"Carrying On with Infinite Decimals" is an interesting read. As I was reading it, I thought about acyclic ("FIR" ?) _circuits_ for performing addition, which in real life are more-or-less asynchronous; a circuit element at depth N from a leaf has to wait until all of its inputs have stabilized before becoming stable itself. Within this circuit framework, different methods of carry propagation can be discussed, including the traditional right-to-left "ripple" carry method taught in grade school, and the "carry-lookahead" method taught in Digital Logic 101. Interestingly, I believe that the "carry lookahead" method solves the problem of these infinitely rippling carries.

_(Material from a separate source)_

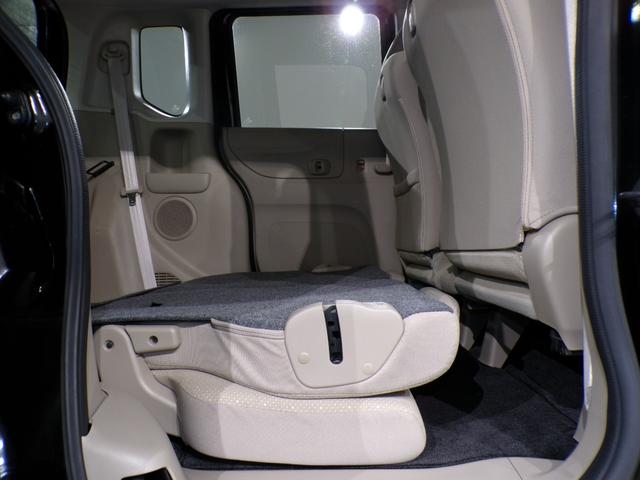 N-BOX G 前ドラレコスマートキー両側手動スライドドア スマキ- AUTOエアコン LED イモビライザー フロントベンチシート WエアB 禁煙車 エアB キーフリーシステム PW ドライブレコ-ダ- 横滑防止(33枚目)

See also the recursive binary tree format for positional notation; a number representation is no longer a _sequence_ but a _tree_, where the sequence of leaves of the tree (the "fringe") is the traditional digit sequence. Vuillemin, Jean. "Efficient Data Structure and Algorithms for Sparse Integers, Sets and Predicates". IEEE Symp. on Computer Arith., Portland, OR, June, 2009. ISBN:: 978-0-7695-3670-5. http://www.ac.usc.es/arith19/sites/default/files/3670a007-session1-paper1.pd... When this binary tree representation is amended with the "quadtree hack", wherein any subtree all of whose digits are identical is replaced with that single digit, carry-lookahead addition becomes _the_ obvious/canonical method for addition. See the Lisp code at the following link for more details. http://home.pipeline.com/~hbaker1/rb.lsp --- Some infinite acyclic circuits can be modeled by circuits with cycles (e.g., "feedback", or the completely opaque "infinite impulse response"/IIR, circuits). Perhaps you can expand your paper along this line ? At 06:36 PM 11/18/2012, James Propp wrote:

If one is willing to live without subtraction, then there is a consistent mathematical structure in which .9999... is different from 1; see my preprint "Carrying On with Infinite Decimals" ( http://jamespropp.org/carrying.pdf), which my students presented at a recent Gathering for Gardner, and which I will eventually get around to publishing in one of the G4G books. (If any of the editors of the series are reading this, please feel free to gently hassle me about this, now or at some future time.)